Second, it can also be argued that complex educational films require interaction opportunities that go beyond local regulation of information intake by control of presentation speed and allow for direct access of information within a given video . In order to address this issue, we implemented additional tools for information access into an educational film about post-war Germany that were analogous to those in textbooks such as the table of content and alphabetical register (Merkt et al., 2011). Both in the laboratory and in a classroom setting, we found that students used these interactive options only to a small degree. Accordingly, while the interactive features did help students to quickly locate certain bits of information in the film, it did not substantially improve the quality of students’ essays about the film’s topic (Merkt et al., 2011). In a second study, students’ lack of appropriate usage strategies could be identified as one important reason for these findings (Merkt & Schwan, 2014). Thus, if interactive features like a table of contents and an alphabetical register were available and students were trained in active use of videos, these features would not only be used to a substantial degree but also would increase the quality of the students’ essays about the film’s historical content.

Taken together, the reported findings indicate that introducing possibilities for interaction into realistic moving images is not as simple as it seems at first sight. On the one hand, interactivity gives learners new ways of controlling a video’s flow of information, thereby adapting it to her individual cognitive needs. On the other hand, control options not only presuppose some knowledge and skills for appropriate use, but also require additional mental resources for planning and execution (Scheiter, 2014). Also, in contrast to real-life events, realistic moving images may already be designed for learning and knowledge acquisition without the necessity of leaving optimizing information presentation up to the learner herself. For example, by extending film shots or by introducing explicit brief pauses, information density can be reduced and effects of transience minimized without requiring viewers to plan and execute pauses themselves. Further research on the interplay of shaping information presentation by film design versus by the learners’ individual activity is needed, in particular, against the backdrop of a proliferation of video material on the Internet.

Conclusion

Due to the digitalization of everyday life, today we face a continuous blurring of the distinction between the real and the virtual. As part of this process, digital types of realistic images including photographs, videos, or virtual reality renderings play an increasingly important role in learning scenarios. This is particularly true for informal learning settings such as museums, television, or the Internet, where realistic visualizations offer the opportunity to present content in a vivid, motivating, and comprehensible way (Glaser, Garsoffky, & Schwan, 2009, 2012; Schwan, Grajal, & Lewalter, 2014; Töpper, Glaser, & Schwan, 2014). While research on differences and commonalities between text and pictures has a long-standing tradition in educational psychology, this chapter aimed to outline a complementary perspective of comparing realistic depictions with conditions of real-life experience.

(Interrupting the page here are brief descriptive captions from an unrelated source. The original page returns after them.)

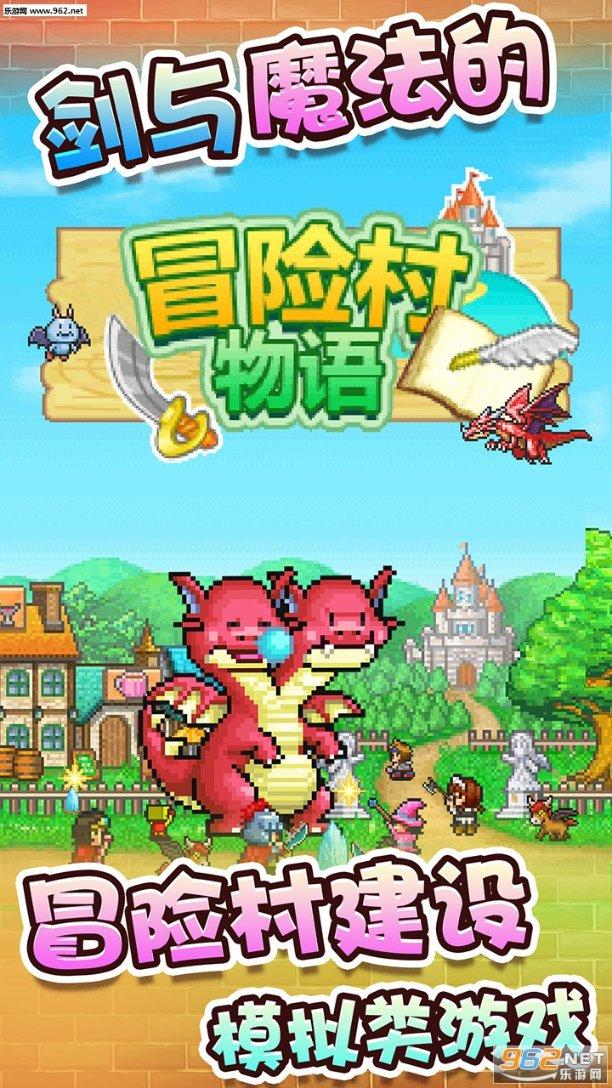 怪物大入侵中文版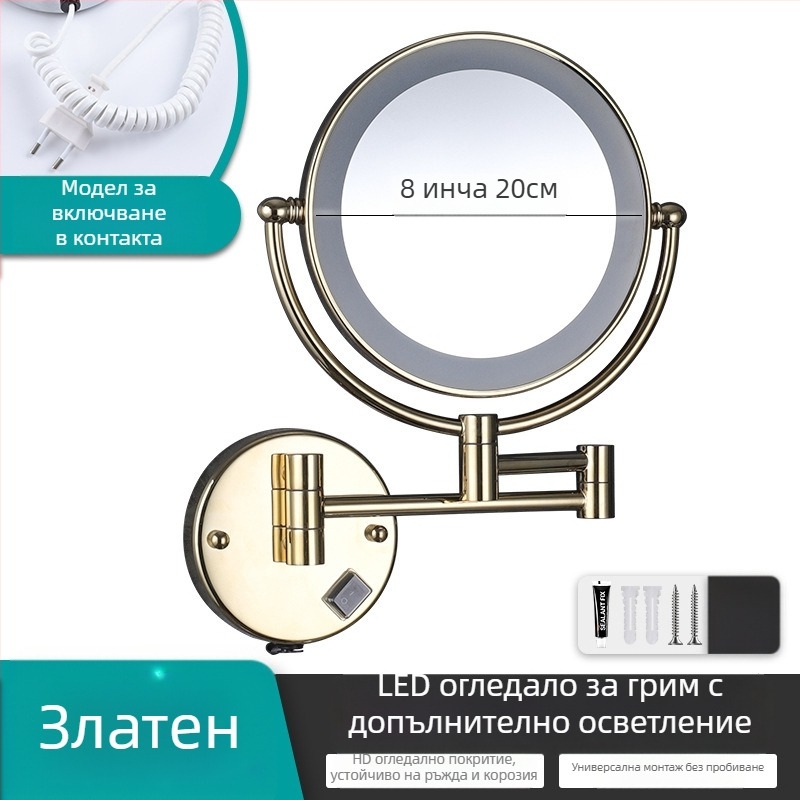 Anju сгъваемо огледало за баня, двустранно, стенен монтаж, телескопично, метална рамка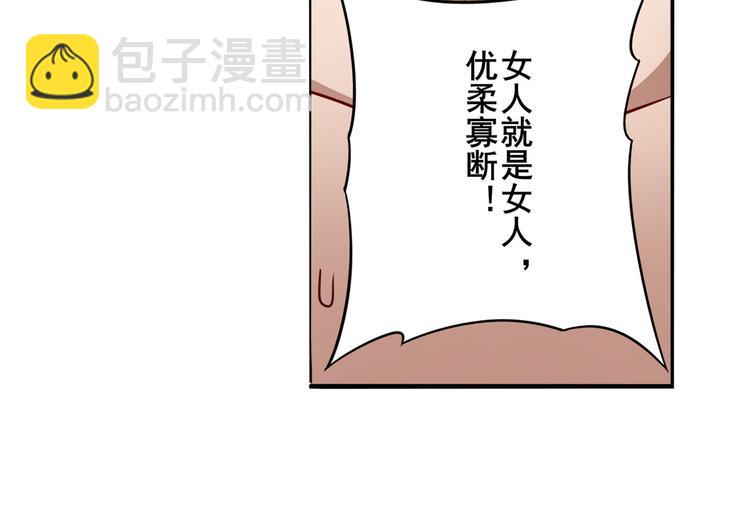 第288话 夜袭31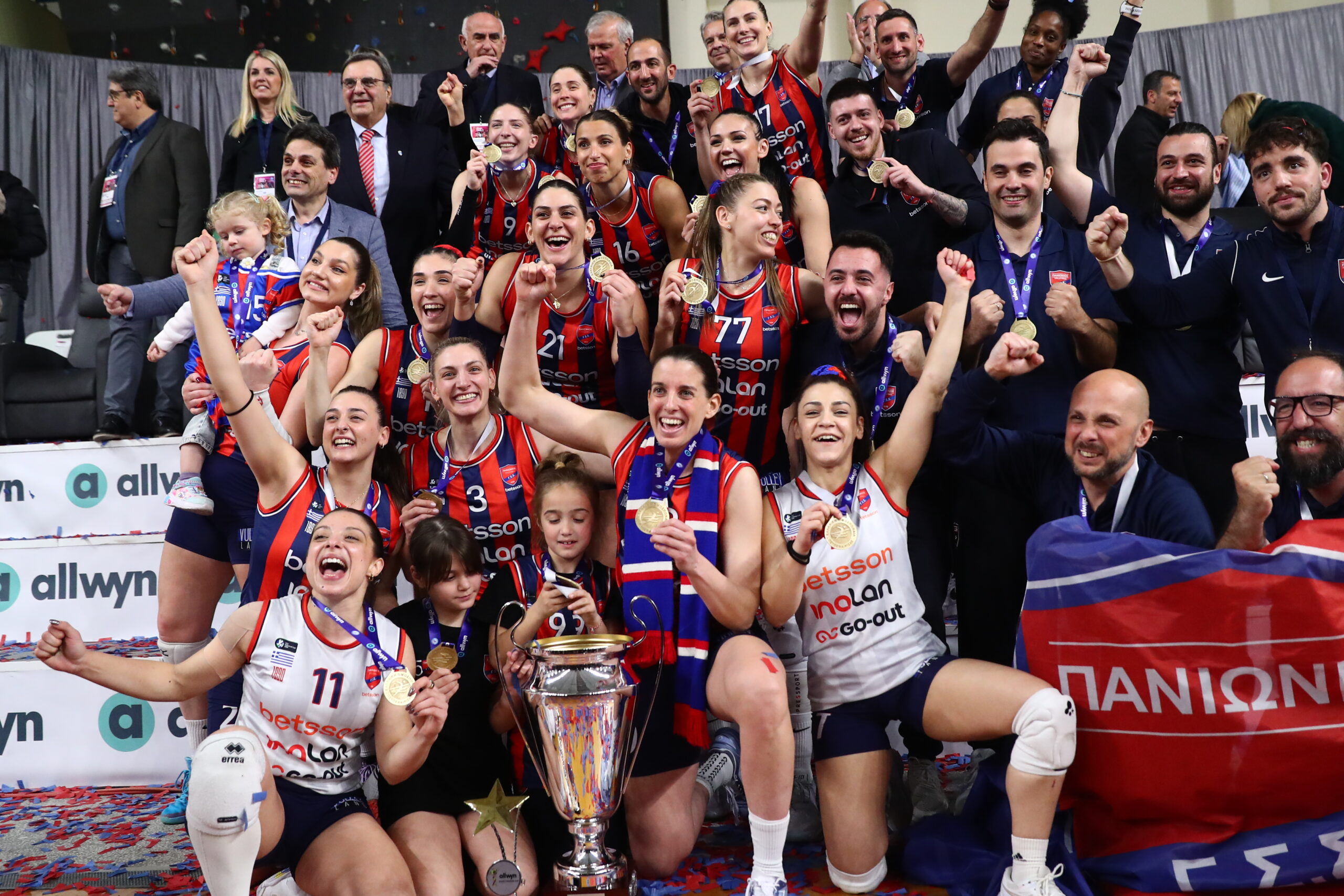 Η Πανιωνάρα Κυπελλούχος Ελλάδας!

Despite all its similarities, digital images (both static and moving) are not simply reflections of reality, but should instead be seen as purposefully designed modes of presenting information in a comprehensible way. This can be achieved by numerous strategies, ranging from carefully staging objects or events to use of cinematographic techniques to addition of guiding cues or supplementary explanations. This blending of realism with didactical design not only leads to unique forms of learning material that stand in-between real-life experiences and symbolic forms of information presentation (like texts or graphs), but opens up a number of fundamental research questions regarding the relationship between vivid life-like experiences and processes of learning and knowledge acquisition.